Man with no arms or legs loses his care worker
A disabled man has been told by the Northern Health Trust they can no longer provide a care worker to assist him with dressing or taking a shower.
DJ Calvert, who was born without arms or legs, told BBC Northern Ireland: "I've been let down - and I'm not the only one."
The trust has said they understand his frustration and "the worry it is causing”, but assured that they will "seek an alternative provider" that would "support him to continue living independently in his own home".
They went on to say more funding is needed to continue offering support to vulnerable people in the community.
Mr Calvert, from Portstewart, County Londonderry, lives by himself but has daily visits from a care worker to help with basic hygiene and personal care.
He received a seven-day-a-week package of care after his mother, who used to assist him, was no longer able to support him as much as she once did.
When Calvert was contacted by his social worker last week to inform him the service had stopped he thought ‘somebody was winding me up’.
His care, provided by Connected Health, is scheduled to finish on 1 December due to "increasingly stretched in ever more demanding circumstances" due to “struggling” to find more staff, resources and funding.
Eddy Kerr from Connected Health told the BBC's Evening Extra programme: "There's a lot of unmet need out there and certainly, as a provider, we are under pressure to meet that need.

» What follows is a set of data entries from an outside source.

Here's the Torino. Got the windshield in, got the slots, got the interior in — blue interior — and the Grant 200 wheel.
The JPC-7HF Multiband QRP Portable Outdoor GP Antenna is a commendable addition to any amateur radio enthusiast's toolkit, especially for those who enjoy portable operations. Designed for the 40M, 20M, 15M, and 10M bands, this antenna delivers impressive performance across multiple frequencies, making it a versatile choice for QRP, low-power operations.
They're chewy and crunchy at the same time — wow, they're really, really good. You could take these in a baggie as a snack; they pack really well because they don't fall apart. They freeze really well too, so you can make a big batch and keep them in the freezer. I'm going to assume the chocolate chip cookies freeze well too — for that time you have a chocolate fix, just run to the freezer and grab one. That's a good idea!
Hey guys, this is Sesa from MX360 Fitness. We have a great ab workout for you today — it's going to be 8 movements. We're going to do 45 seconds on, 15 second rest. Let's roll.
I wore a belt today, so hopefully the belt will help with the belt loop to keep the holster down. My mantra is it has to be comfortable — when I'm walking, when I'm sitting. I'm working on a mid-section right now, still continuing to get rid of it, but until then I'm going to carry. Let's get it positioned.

"Decisions have to be made weekly, daily, hourly, with regards the care we are able to provide,"
Connected Health said in a statement: “We will continue to lobby hard for the necessary resources to care for the thousands of vulnerable adults waiting for a package of care in Northern Ireland today."

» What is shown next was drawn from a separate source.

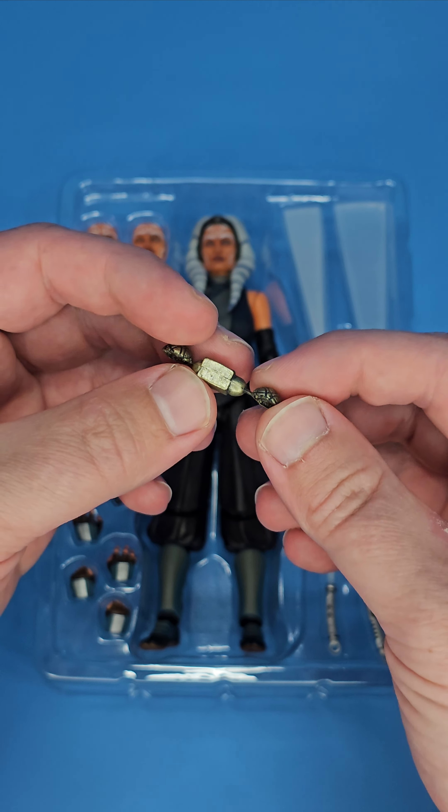Looking at the outfit, I think it looks very good. Something I don't really care for a ton — and this is a problem I have with the Black Series version too — is the knees just kind of look a little ugly. I do think Mofex did that the best. Let's actually just bring in the Mofex now for a quick comparison.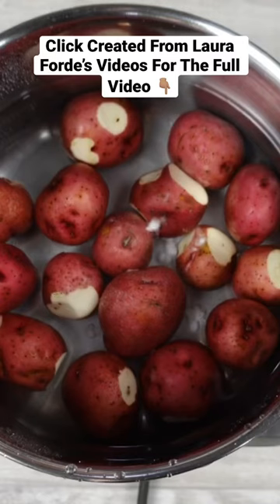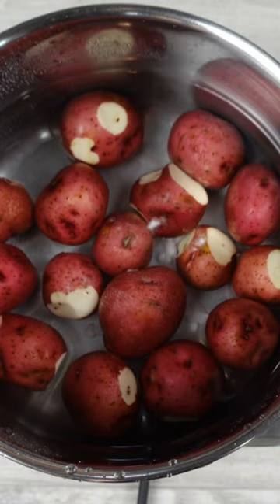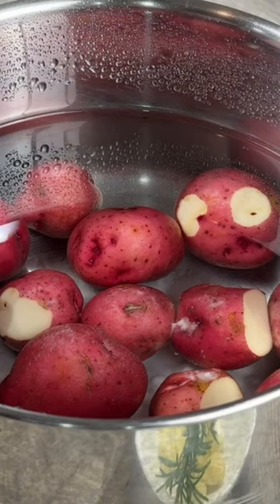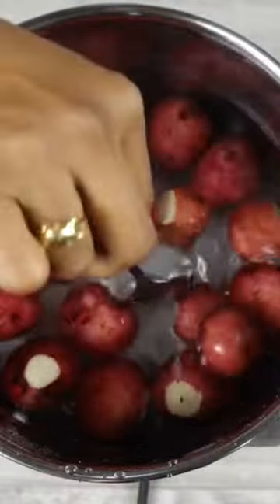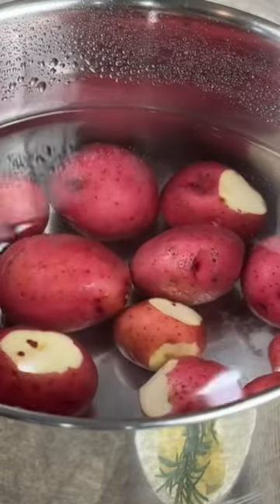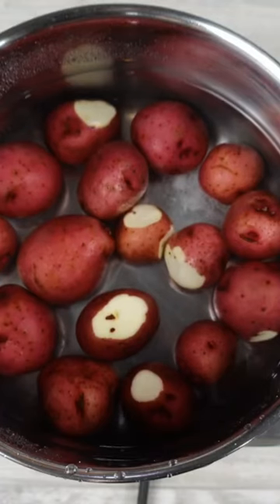I'm boiling my potatoes. In some cases I would put a chicken stock cube in, but I'm not going to do that because I'm leaving the skin on. I'm going to use baking soda in my pot to boil my potatoes — the baking soda will help soften the potatoes so I won't have to boil them as long. I'll just leave this to come up to a boil.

Calvert has regular visits from his friend Vicky four days a week who gives his additional support around the home, but if his care is taken away it means he could be by himself every Friday, Saturday and Sunday. A prospect which has caused him great concern.
"I asked the social worker: 'What is the worst case scenario if I can't get help?' and she told me: 'We'll have to get you a bed in a care home,'" he said.
"My anxiety is getting worse. I panic and wake up in the middle of the night because I'm dreaming about being in a care home.
"The system has failed [people] who need care and help. The system has crashed. There's not enough funding."
Calvert believes if staff were paid more money the care system would not be in the current crisis which is affecting thousands of people across the country.
"I believe we should get Stormont back up and running, get the heads together and inject money into the care system and allow care workers to earn a bit more money," he said.
"You could earn more working in a supermarket than you can in the care profession.”
His mother, Heather, was shocked when she heard the care package was coming to an end within the next few weeks.
"I was under the impression that this was permanent," she told Evening Extra.
"You just don't know where you are all the time and what's going to happen to him and that is a very big worry."